Neonatal facial pain detection using NNSOA and LSVM
We report classification experiments using the pilot Infant COPE database of neonatal facial expressions. Two sets of DCT coeffiecents were used to train a neural network simultaneous algorithm (NNSOA) and a linear support vector machine (LSVM) to classify neonatal expressions into the two categories of pain and nonpain. In the first set (VAR) only 80 of the coefficients with the highest variance were included. In the second set (SFFS), 15 DCT coefficients were selected by applying Sequential Forward Floating Selection (SFFS). We found that NNSOA+VAR produced the best classification score of 95.38% accuracy, but with no statistical difference compared with the DCT sets. However, NNSOA using the DCT coefficients outperformed with statistical significance previous experiments reported in  that used PCA components.

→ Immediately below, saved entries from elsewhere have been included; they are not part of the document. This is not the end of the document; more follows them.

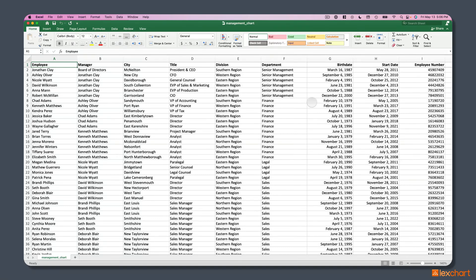We are going to turn this spreadsheet of employee information and reporting relationships into an organizational chart automatically. Many tutorials on creating organizational charts from Excel data use a trivial number of employees, maybe 5 or 10.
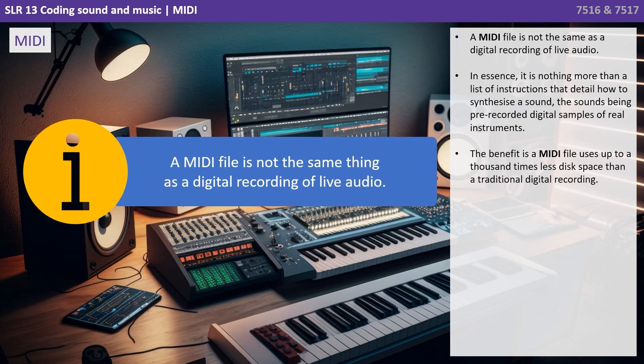A MIDI file is not the same as a digital recording or sampling of live audio. In essence it is nothing more than a list of instructions that detail how to synthesise a sound, the sound being pre-recorded digital samples of real instruments. The benefit is a MIDI file uses up to a thousand times less disk space than a traditional digital recording.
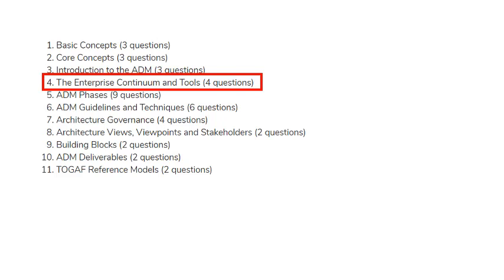Welcome to the enterprise continuum and tools quiz section. Personally, I find the enterprise continuum to be one of the most complex topics of TOGAF. I have tried to remove all the complexity and explain it in a simpler way in my videos. Hope you all had a chance to go through the video and have benefited from it. I will include the link in the description below so you can check it if you haven't done so.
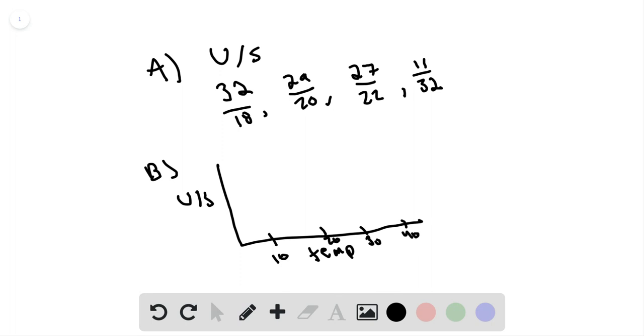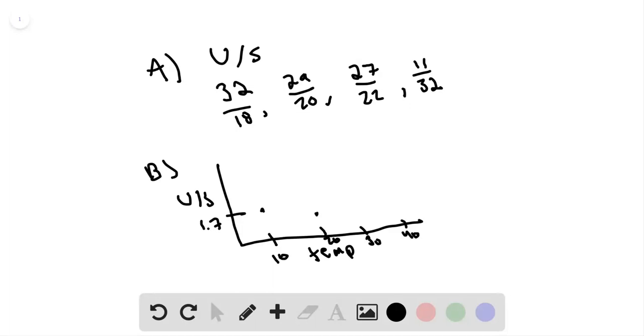So at 10 you have 32 divided by 18, which would be about 1.7. So let's put 1.7 here. And then for 20, you'd have 29 divided by 20, which is 1.45. So that would be a little below, like right here. And then you have 27 divided by 22, so that's 1.22, which is even lower. So it would be around here.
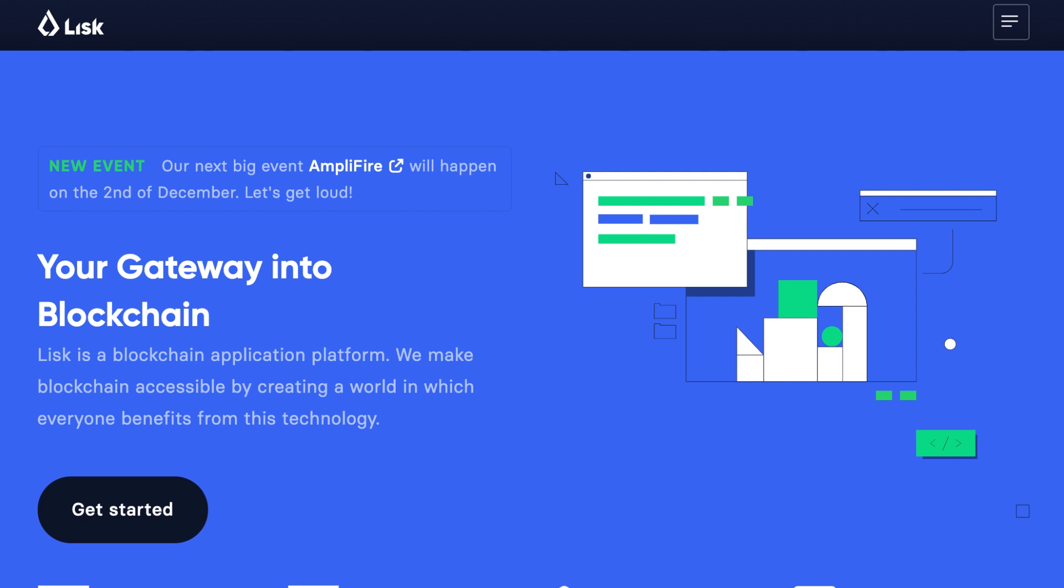In this video, I will introduce the Lisk blockchain. Its JavaScript development tools are very easy to use and it has a unique architecture where each application has its own blockchain.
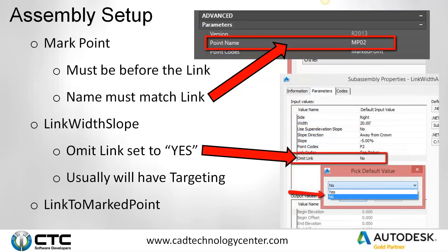Next, omit link. Typically for your two assemblies for the roads, you need a link out there to find the center line. What you need to do so that it doesn't build is go into that link and set omit link to yes. So mark point, link to mark point — the third portion is a link that's usually omitted. I'll have a link that might target all the way up to right-of-way line, omit that and then build backwards. I'll have a link that targets the other center line of the road and then builds back to the median or back edge of a ditch. So the three things are: mark point, link to mark point, and then typically a width-and-slope link that will target a certain line and then build backwards.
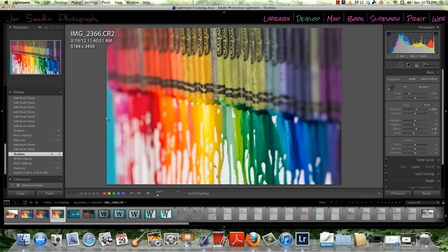Today's tutorial is going to be on selective coloring in Lightroom, which is where you have a black and white photo with aspects in color.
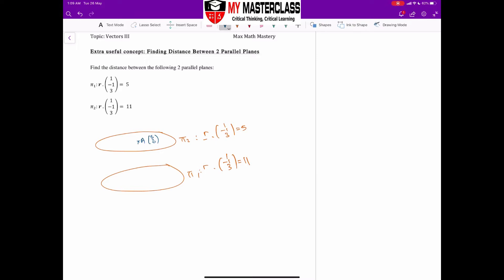Do check back on the video that focuses on finding the distance from a point to a plane if you don't remember. We just need to let a point on plane 2 — or plane 1 also works — then find the shortest distance from that point to the other plane. Essentially this will help us derive the distance between the two planes. That's Method 1.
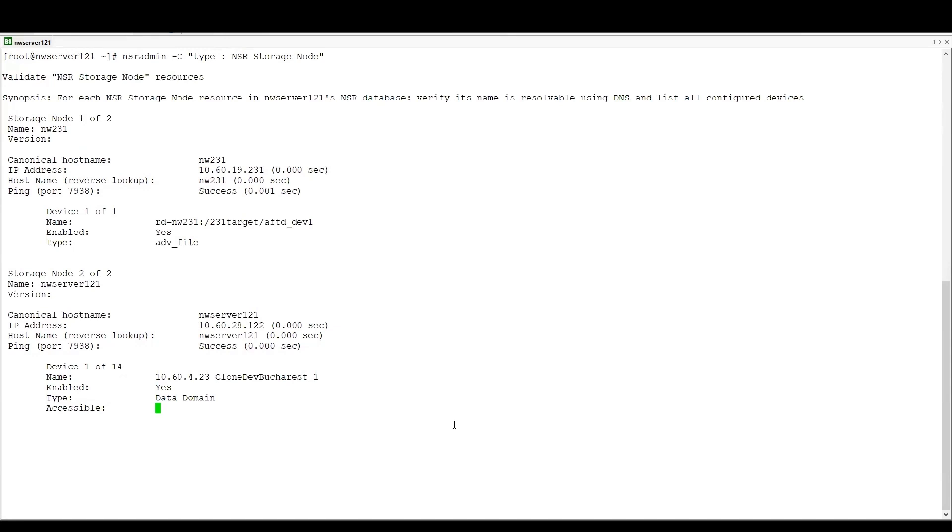And in this way, we can use the nsradmin minus capital C command to validate these different sorts of resources on our Networker server.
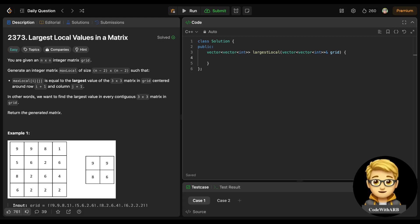We will solve today's LeetCode problem - this is the 'Largest Local Values in a Matrix.' Sorry for yesterday; I was very busy preparing for my interviews so I was not able to record the video, although I have solved that question. That question was a really good problem.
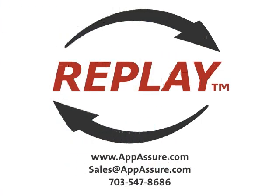Want to see for yourself? Simply visit www.appassure.com and download your free and fully functional trial of Replay, including free e-support. Or contact us at sales at appassure.com or call 1-703-307-4963 for more information.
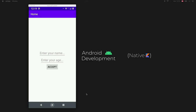In this video I want to cover what the navigation component in Android Studio is and how we can use it to simplify our lives when we create fragments and want to switch between them. I'll also show you how to send data between fragments using this navigation component.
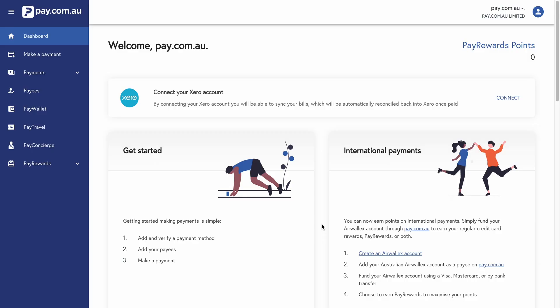Today we are going to connect our Xero account to our pay.com.au account and make a payment using a Xero integration.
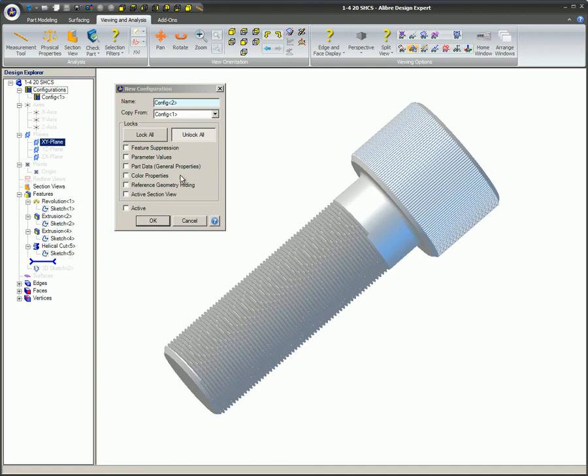Color properties. This option will retain the color properties of the parts. One configuration can be blue, for example, with 100% opacity and no edge colors, while another configuration might be green with 75% opacity and have edge colors.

It is surmised that NNSOA, an algorithm that eliminates unnecessary weights, is more stable than LSVM and may be better than SFFS at identifying relevant features.
Information Technology and Cybersecurity
Face classification, Facial expression recognition, NNSOA, Pain detection, SFFS
Brahnam, Sheryl, Loris Nanni, and Randall S. Sexton. "Neonatal Facial Pain Detection Using NNSOA and LSVM." In IPCV, pp. 352-357. 2008.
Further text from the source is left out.